De livre en livre, Jean-Paul de Lagrave défend ses vues avec une fougue constante et une documentation minutieuse. Il passe avec aisance de la vérification studieuse d’un registre oublié à la défense de figures entrées bon gré mal gré dans la légende. On le sent d’ailleurs prêt à engager la discussion à propos de tout ce qui peut éclairer l’histoire du Québec. Comment ne pas partager son enthousiasme et ses déceptions ?
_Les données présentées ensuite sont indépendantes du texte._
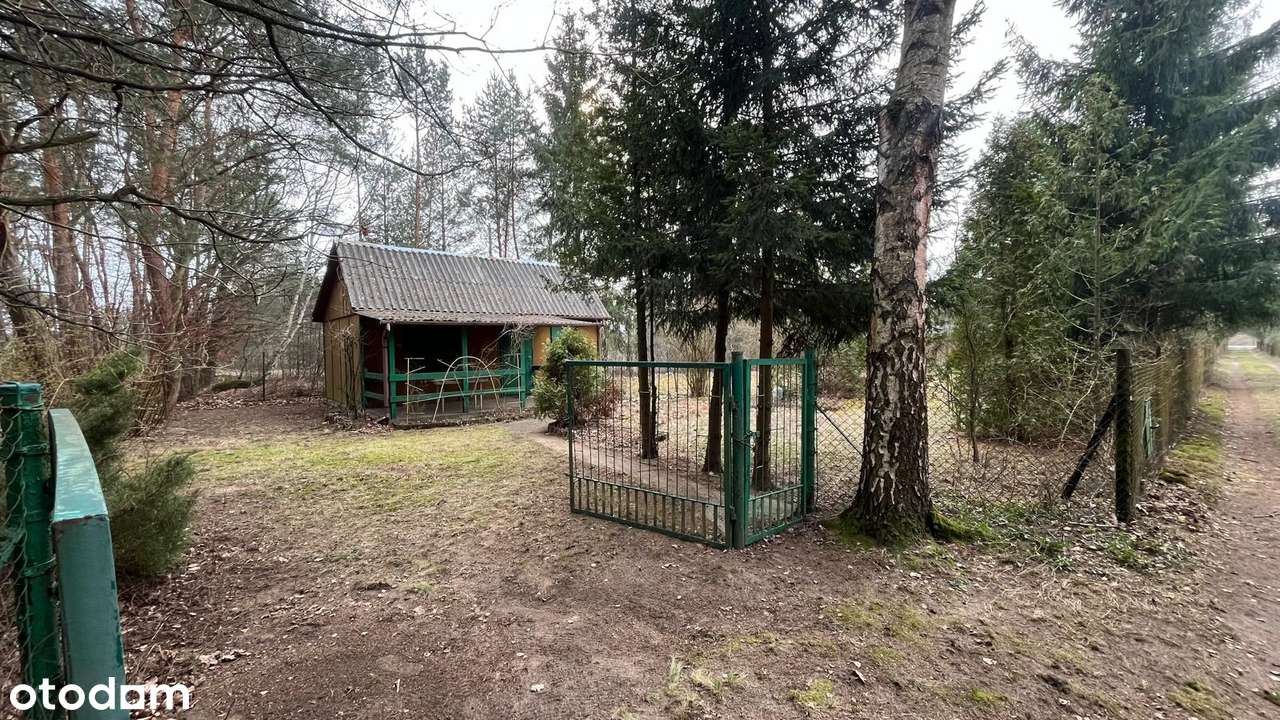 Działka rekreacyjna z małym domkiem letniskowym - Pełny obrazek: 4/4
De Lagrave revient ici sur l’importance et la fréquence des trahisons perpétrées aux moments les plus stratégiques de la défense de la Nouvelle-France. Ces moments sont nettement situés : 1759, 1760, 1775. La traîtrise, il la constate d’abord chez ceux qui guident les soldats anglais jusqu’aux plaines d’Abraham ou qui permettent aux navires ennemis de s’ancrer à loisir devant la ville de Québec pour la mieux bombarder, mais de Lagrave la détecte aussi chez les grands de ce monde. À ses yeux, Montcalm fut vaincu par l’incompétence du gouverneur Vaudreuil plus encore que par les troupes de Wolfe. D’autres personnages, sans encourir ce blâme dévastateur, encourent un jugement presque aussi sévère : ils commandaient alors qu’ils possédaient tout au plus le gabarit de l’exécutant. Tous ne seront pas d’accord, mais de Lagrave aura obligé les contradicteurs à étoffer leurs réticences.
Deux aspects (au moins) relèvent de la sociologie autant que de l’histoire. D’une part, affirme et martèle l’auteur, le clergé québécois, surtout au palier épiscopal, a joint le camp du conquérant et exigé des fidèles qu’ils en fassent autant. D’autre part, le peuple québécois, s’il n’en avait tenu qu’à lui, aurait volontiers suivi les Étatsuniens dans leur marche vers l’autonomie politique. Autant d’affirmations fortement étayées et difficilement contestables. Quand l’essayiste succombe à la tentation du ton péremptoire et érige ses convictions en dogmes inattaquables, il est bon de se rappeler qu’il a bien construit ses thèses.